### Input data
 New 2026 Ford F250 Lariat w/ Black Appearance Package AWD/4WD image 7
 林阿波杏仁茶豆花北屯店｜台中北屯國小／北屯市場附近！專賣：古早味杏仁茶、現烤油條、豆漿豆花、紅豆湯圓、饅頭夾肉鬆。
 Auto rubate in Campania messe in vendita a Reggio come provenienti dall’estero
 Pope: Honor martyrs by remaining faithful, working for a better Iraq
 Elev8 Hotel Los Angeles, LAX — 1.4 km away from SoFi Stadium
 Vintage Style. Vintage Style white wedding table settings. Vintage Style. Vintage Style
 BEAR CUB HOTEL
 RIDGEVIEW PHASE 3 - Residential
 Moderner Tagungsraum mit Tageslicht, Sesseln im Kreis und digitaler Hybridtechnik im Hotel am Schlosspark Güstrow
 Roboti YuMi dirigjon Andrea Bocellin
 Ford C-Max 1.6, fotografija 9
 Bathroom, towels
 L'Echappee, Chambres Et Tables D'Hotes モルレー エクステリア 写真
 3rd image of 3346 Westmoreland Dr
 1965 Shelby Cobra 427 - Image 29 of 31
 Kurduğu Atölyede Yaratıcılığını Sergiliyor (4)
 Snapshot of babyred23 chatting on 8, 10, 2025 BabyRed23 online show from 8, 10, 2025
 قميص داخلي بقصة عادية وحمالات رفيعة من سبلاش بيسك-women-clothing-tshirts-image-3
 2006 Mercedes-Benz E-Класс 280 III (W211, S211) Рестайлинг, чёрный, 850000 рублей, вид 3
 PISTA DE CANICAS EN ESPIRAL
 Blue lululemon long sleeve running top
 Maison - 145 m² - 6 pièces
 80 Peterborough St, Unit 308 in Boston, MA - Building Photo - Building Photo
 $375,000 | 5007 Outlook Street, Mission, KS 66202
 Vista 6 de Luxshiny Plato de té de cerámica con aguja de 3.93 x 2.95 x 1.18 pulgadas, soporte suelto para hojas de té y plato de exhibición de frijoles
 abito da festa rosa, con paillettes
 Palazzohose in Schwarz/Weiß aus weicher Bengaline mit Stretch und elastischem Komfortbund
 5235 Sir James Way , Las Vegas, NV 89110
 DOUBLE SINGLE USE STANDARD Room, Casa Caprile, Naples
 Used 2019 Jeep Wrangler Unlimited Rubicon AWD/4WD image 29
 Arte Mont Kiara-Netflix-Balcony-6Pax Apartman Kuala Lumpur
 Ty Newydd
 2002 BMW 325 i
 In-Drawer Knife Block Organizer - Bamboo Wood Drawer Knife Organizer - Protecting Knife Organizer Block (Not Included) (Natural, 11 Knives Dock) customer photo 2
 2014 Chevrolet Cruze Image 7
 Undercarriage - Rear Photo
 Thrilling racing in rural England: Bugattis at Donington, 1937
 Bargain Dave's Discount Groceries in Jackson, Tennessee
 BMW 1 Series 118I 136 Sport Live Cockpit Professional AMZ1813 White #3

### Assigned task
Scan the lines above for "Snapshot of babyred23" and for "Blue lululemon long sleeve running top". Repeat exactly the line holding each of them and every line in between.

### Answer section
 Snapshot of babyred23 chatting on 8, 10, 2025 BabyRed23 online show from 8, 10, 2025
 قميص داخلي بقصة عادية وحمالات رفيعة من سبلاش بيسك-women-clothing-tshirts-image-3
 2006 Mercedes-Benz E-Класс 280 III (W211, S211) Рестайлинг, чёрный, 850000 рублей, вид 3
 PISTA DE CANICAS EN ESPIRAL
 Blue lululemon long sleeve running top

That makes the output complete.